● **Data records**
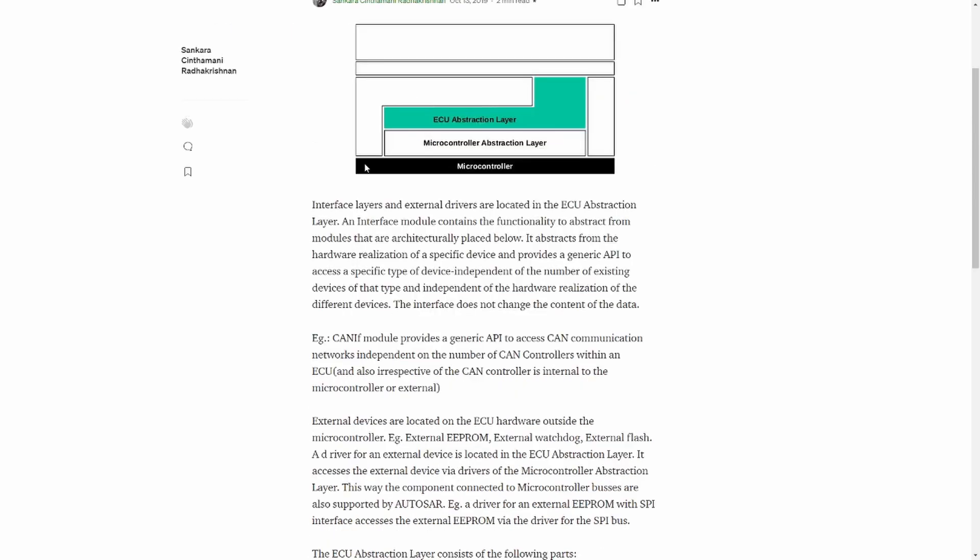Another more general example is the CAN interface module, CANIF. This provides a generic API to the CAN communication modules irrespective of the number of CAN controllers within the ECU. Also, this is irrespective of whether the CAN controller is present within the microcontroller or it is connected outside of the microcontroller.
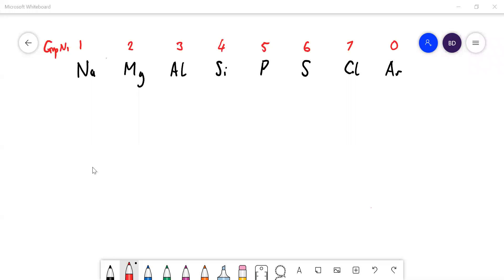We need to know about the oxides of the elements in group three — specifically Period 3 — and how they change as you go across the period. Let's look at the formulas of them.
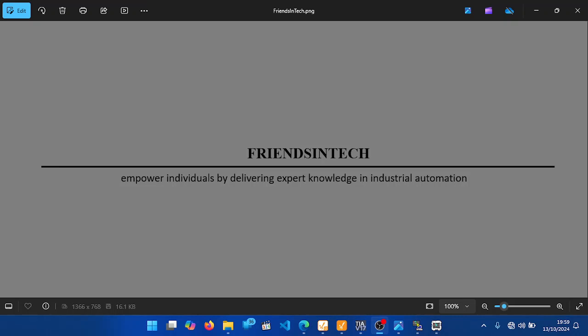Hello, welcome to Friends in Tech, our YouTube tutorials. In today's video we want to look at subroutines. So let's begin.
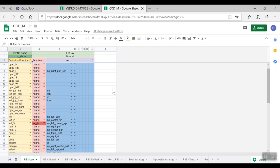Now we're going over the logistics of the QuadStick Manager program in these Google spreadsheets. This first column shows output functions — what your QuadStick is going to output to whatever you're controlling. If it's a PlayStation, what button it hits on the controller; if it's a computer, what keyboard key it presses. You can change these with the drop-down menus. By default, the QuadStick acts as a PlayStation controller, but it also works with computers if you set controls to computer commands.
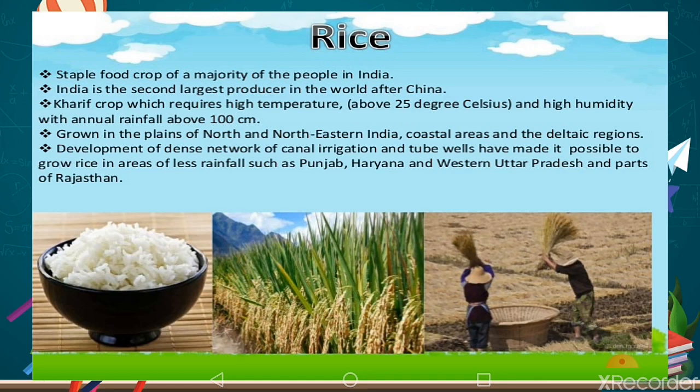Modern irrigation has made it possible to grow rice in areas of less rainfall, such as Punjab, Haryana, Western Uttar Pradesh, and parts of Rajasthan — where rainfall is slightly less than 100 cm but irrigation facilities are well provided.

● **What you will do**
Leaving images out, please output every line of the data exactly.

● **Response**
Another more general example is the CAN interface module, CANIF. This provides a generic API to the CAN communication modules irrespective of the number of CAN controllers within the ECU. Also, this is irrespective of whether the CAN controller is present within the microcontroller or it is connected outside of the microcontroller.
We need to know about the oxides of the elements in group three — specifically Period 3 — and how they change as you go across the period. Let's look at the formulas of them.
Hello, welcome to Friends in Tech, our YouTube tutorials. In today's video we want to look at subroutines. So let's begin.
Now we're going over the logistics of the QuadStick Manager program in these Google spreadsheets. This first column shows output functions — what your QuadStick is going to output to whatever you're controlling. If it's a PlayStation, what button it hits on the controller; if it's a computer, what keyboard key it presses. You can change these with the drop-down menus. By default, the QuadStick acts as a PlayStation controller, but it also works with computers if you set controls to computer commands.
Modern irrigation has made it possible to grow rice in areas of less rainfall, such as Punjab, Haryana, Western Uttar Pradesh, and parts of Rajasthan — where rainfall is slightly less than 100 cm but irrigation facilities are well provided.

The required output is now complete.